[Opening Given data section]

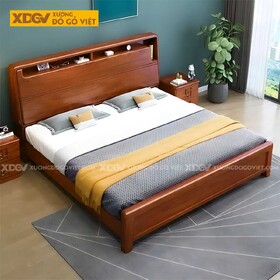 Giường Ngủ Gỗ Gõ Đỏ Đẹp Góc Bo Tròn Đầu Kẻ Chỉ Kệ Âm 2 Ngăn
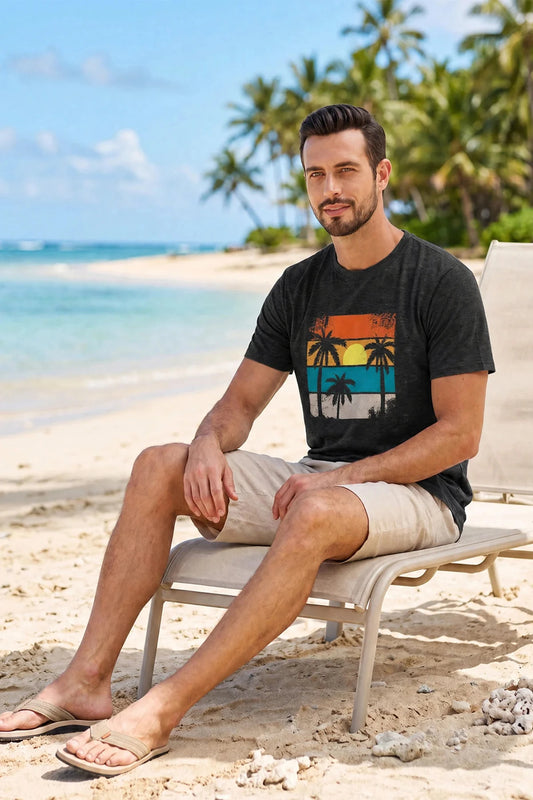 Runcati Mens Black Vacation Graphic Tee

[Closing Given data section]
[Opening Given data section]

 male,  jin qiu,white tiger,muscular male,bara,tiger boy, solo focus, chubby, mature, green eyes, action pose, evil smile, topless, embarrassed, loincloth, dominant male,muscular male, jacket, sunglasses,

[Closing Given data section]
[Opening Given data section]

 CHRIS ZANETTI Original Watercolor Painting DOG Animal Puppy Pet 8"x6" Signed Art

[Closing Given data section]

- [Problem statement] Using the records above, print exactly the lines between the ones containing "Giường Ngủ Gỗ" and "Runcati Mens Black Vacation Graphic Tee", inclusive, and nothing else; no pictures.

- [Solution for this problem]
 Giường Ngủ Gỗ Gõ Đỏ Đẹp Góc Bo Tròn Đầu Kẻ Chỉ Kệ Âm 2 Ngăn
 Runcati Mens Black Vacation Graphic Tee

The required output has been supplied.